When Hassan Rouhani became the seventh Iranian President in 2013, many hoped that the clouds of oppression and religious extremism hovering over the Iranian skies would eventually disperse. The signing of the historic nuclear deal between Iran and the world powers added further weightage to this possibility, ushering in an epoch of peace and goodwill. However, with every passing day, this possibility becomes distant still.

Today Iran is a country marred by instances of human rights abuses against its own people.Earlier this month two Iranian poets were added to the long list of people wronged by the state. Fatemeh Ekhtesari, an obstetrician and Mehdi Mousavi a doctor, were sentenced by the Tehran Revolutionary court eleven and a half years and nine years in prison respectively on charges which include ‘insulting the sacred’, ‘propaganda against the state’ and ‘publishing unauthorized content’. This ruling has been criticized and denounced by human rights groups all over the world.  The two poets were arrested in 2013 and placed in solitary confinement. It is believed that Ekhtesari and Mousavi were forced into confessing as both have denied the allegations in court.

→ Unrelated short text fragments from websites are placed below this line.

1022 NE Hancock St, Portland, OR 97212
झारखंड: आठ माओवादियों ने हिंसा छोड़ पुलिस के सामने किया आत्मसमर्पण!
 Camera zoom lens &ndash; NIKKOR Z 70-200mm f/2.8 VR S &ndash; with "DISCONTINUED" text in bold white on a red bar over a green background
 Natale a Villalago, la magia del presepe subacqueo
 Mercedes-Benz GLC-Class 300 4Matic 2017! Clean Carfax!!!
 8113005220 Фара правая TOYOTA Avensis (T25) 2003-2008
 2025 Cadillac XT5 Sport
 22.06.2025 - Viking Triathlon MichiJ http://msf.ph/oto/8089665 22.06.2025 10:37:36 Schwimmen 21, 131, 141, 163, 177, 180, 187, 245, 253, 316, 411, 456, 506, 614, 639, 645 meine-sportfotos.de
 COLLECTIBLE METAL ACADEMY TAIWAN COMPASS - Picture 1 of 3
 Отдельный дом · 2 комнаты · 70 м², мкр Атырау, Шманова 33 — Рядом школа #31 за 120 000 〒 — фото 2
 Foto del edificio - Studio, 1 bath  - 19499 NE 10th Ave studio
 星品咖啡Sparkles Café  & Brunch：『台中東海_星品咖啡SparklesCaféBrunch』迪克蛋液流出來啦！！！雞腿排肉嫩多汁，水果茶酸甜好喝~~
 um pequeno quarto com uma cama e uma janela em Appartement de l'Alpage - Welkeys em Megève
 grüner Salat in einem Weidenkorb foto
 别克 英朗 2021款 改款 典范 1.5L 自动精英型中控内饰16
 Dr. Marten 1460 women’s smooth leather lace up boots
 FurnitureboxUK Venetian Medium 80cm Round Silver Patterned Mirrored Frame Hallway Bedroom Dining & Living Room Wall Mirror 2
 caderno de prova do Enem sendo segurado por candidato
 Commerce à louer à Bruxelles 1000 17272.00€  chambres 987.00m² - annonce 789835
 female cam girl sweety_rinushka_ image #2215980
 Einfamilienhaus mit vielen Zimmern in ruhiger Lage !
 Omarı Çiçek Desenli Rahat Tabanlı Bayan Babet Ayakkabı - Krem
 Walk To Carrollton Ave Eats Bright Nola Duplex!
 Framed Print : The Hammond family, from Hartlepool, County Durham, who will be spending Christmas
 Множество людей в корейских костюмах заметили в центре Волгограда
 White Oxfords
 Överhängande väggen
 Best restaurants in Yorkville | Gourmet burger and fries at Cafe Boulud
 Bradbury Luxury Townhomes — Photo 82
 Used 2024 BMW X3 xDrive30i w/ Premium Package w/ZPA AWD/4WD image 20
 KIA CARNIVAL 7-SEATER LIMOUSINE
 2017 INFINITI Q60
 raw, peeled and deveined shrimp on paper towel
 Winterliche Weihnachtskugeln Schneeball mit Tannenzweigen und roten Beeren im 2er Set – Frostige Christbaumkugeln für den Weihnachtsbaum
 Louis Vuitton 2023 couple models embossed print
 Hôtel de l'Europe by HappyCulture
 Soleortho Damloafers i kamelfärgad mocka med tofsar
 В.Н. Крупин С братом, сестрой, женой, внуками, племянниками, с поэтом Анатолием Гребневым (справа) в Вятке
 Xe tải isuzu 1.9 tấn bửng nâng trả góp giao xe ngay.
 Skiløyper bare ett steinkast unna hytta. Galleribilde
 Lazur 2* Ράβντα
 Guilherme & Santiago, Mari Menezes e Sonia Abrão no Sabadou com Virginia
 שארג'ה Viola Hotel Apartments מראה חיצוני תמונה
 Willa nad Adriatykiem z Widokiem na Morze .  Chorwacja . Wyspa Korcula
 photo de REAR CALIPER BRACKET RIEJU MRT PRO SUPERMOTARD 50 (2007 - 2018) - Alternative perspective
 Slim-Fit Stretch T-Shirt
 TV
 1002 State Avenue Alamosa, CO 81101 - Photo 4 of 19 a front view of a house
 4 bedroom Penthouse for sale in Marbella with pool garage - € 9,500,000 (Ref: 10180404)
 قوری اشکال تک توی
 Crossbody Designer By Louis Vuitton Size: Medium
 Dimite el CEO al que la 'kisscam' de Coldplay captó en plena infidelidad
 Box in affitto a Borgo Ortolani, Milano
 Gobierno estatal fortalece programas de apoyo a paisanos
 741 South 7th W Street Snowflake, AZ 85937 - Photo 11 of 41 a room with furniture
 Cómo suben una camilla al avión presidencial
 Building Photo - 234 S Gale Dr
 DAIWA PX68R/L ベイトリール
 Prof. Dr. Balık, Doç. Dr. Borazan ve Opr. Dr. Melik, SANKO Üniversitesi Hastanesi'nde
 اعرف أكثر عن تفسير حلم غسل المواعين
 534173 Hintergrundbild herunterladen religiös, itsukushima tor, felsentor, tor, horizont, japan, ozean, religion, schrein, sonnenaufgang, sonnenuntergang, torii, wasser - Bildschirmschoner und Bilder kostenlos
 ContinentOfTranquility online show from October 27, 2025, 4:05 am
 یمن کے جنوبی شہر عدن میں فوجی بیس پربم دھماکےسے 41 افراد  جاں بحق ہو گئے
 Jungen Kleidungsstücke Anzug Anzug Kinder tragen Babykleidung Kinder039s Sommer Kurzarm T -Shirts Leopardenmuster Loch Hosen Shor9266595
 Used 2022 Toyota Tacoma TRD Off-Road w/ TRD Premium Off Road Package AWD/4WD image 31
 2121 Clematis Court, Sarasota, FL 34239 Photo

As hardliners in Iran gain precedence over the masses, this case is yet another example of the highly suffocated society that Iran is turning into. Ekhtesari’s and Mousavi’s writings were published under the watchful eye of the Ministry Of Islamic Guidance. Had there been any controversial elements in their literature coming under the sphere of blasphemy, the books would not be published in the first place. Mousavi and Ekhtesari in fact highlighted the social issues festering in the Iranian Society in their poetry – something that seems to be a crime in the country. Adding further insult to injury, the two have also been sentenced to flogging ninety nine times each for shaking hands with na-mehram people or  ‘having illegitimate sexual relationship short of adultery’.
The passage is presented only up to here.